By Duane Harper Grant

One of the highlights of the Other Minds 9 festival in San Francisco this week is  a rare North American appearance by Stephan Micus.

Among the many and varied instruments that the German-born, Menorca abiding musician/composer and musical shaman of sorts  has studied--usually with a master in the context of its culture--are the dudek, ney, shakuhachi flute, steel drums, guitar, kalimba and marimba. He has also learned to play and incorporate these instruments into his own compositions and recordings. 

Recently Micus spent several weeks in Cuba where he went to seek out master musicians and learn about some of the traditional musical instruments and their cultural contexts.  For Micus, these traditional acoustic instruments possess a fascination of history, culture, sound and musical language.

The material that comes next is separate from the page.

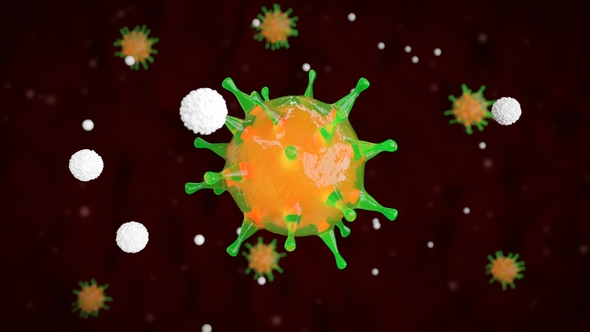 White Blood Cells Kills a Bacterial Viral Cells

He has a deep interest in exploring and preserving all of these facets but he does so with a style and a sensibility that is uniquely his own.

In his fifteen-going-on sixteen recordings, all or which are on ECM records, he has combined, melded, and mixed together different instruments, sometimes from distinctly different cultures.  Indeed, one has to be in awe of the way the world, people, culture and music come together in his music and compositions. Over the years he has assimilated a vast range of cultures and instruments into his own musical context and created  his own, unique musical  voice. 

All in all what has evolved and developed is a music unlike any other but one that has a basic fundamental and elemental essence of sound and rhythm as a common thread.
 

I talked with Stephan via phone from his home on the island of Menorca

S/21: How did you, why did you become interested in music.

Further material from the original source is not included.